→ **What to do**: Please give back, word for word, each line from the start of the entries through the one in which "Extinction du grand incendie à l" is found.

(Stored items)
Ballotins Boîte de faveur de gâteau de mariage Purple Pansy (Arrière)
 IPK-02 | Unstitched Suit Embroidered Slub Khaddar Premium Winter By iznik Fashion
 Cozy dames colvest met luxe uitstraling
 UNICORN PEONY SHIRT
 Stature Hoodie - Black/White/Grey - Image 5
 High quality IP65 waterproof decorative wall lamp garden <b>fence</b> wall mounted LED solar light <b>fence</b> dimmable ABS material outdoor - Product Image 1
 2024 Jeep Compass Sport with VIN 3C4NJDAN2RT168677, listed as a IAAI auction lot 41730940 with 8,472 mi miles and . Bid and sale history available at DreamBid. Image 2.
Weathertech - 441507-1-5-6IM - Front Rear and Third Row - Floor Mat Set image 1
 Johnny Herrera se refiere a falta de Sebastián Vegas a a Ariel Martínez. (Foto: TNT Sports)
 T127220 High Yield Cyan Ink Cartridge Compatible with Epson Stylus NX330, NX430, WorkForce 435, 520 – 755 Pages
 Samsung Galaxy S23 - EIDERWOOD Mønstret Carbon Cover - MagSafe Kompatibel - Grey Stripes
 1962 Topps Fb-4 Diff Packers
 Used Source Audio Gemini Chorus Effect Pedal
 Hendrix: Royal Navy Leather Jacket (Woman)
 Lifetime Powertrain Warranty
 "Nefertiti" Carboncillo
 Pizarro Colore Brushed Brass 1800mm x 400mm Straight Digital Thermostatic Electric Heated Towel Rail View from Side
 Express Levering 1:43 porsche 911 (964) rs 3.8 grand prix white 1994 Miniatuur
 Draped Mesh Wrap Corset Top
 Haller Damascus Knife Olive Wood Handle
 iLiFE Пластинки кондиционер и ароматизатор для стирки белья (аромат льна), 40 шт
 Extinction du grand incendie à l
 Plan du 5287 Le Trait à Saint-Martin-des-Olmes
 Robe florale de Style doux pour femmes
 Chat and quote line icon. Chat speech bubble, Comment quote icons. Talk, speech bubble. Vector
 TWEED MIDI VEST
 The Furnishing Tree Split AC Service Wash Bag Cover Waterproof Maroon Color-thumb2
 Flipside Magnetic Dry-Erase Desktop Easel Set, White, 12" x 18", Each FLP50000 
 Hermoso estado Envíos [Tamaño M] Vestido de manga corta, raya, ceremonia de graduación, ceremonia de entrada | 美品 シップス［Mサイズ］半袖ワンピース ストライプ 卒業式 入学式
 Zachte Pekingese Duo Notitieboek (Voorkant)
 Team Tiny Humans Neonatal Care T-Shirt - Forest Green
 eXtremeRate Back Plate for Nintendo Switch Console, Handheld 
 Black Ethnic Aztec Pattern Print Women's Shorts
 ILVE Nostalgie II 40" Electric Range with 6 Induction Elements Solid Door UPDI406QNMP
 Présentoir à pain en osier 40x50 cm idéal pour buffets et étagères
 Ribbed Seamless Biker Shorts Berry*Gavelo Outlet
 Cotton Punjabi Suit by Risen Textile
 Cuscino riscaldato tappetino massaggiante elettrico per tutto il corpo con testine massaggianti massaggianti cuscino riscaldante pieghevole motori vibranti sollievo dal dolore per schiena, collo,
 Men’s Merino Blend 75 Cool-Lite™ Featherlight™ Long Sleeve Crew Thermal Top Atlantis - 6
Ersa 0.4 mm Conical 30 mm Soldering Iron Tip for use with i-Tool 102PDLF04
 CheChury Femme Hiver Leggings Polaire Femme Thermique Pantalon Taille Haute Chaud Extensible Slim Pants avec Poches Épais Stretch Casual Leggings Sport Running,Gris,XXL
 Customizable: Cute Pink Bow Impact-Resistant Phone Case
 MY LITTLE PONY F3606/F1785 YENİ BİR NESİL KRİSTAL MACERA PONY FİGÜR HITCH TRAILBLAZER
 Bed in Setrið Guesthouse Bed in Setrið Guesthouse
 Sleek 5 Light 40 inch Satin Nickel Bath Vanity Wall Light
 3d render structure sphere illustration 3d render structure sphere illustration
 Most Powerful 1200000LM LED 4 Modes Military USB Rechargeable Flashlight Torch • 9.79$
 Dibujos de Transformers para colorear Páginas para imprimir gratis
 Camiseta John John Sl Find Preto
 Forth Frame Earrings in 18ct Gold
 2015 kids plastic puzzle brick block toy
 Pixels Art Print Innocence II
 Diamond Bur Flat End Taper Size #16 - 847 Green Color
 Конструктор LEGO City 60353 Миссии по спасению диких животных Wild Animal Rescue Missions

→ **Exercise output**:
Ballotins Boîte de faveur de gâteau de mariage Purple Pansy (Arrière)
 IPK-02 | Unstitched Suit Embroidered Slub Khaddar Premium Winter By iznik Fashion
 Cozy dames colvest met luxe uitstraling
 UNICORN PEONY SHIRT
 Stature Hoodie - Black/White/Grey - Image 5
 High quality IP65 waterproof decorative wall lamp garden <b>fence</b> wall mounted LED solar light <b>fence</b> dimmable ABS material outdoor - Product Image 1
 2024 Jeep Compass Sport with VIN 3C4NJDAN2RT168677, listed as a IAAI auction lot 41730940 with 8,472 mi miles and . Bid and sale history available at DreamBid. Image 2.
Weathertech - 441507-1-5-6IM - Front Rear and Third Row - Floor Mat Set image 1
 Johnny Herrera se refiere a falta de Sebastián Vegas a a Ariel Martínez. (Foto: TNT Sports)
 T127220 High Yield Cyan Ink Cartridge Compatible with Epson Stylus NX330, NX430, WorkForce 435, 520 – 755 Pages
 Samsung Galaxy S23 - EIDERWOOD Mønstret Carbon Cover - MagSafe Kompatibel - Grey Stripes
 1962 Topps Fb-4 Diff Packers
 Used Source Audio Gemini Chorus Effect Pedal
 Hendrix: Royal Navy Leather Jacket (Woman)
 Lifetime Powertrain Warranty
 "Nefertiti" Carboncillo
 Pizarro Colore Brushed Brass 1800mm x 400mm Straight Digital Thermostatic Electric Heated Towel Rail View from Side
 Express Levering 1:43 porsche 911 (964) rs 3.8 grand prix white 1994 Miniatuur
 Draped Mesh Wrap Corset Top
 Haller Damascus Knife Olive Wood Handle
 iLiFE Пластинки кондиционер и ароматизатор для стирки белья (аромат льна), 40 шт
 Extinction du grand incendie à l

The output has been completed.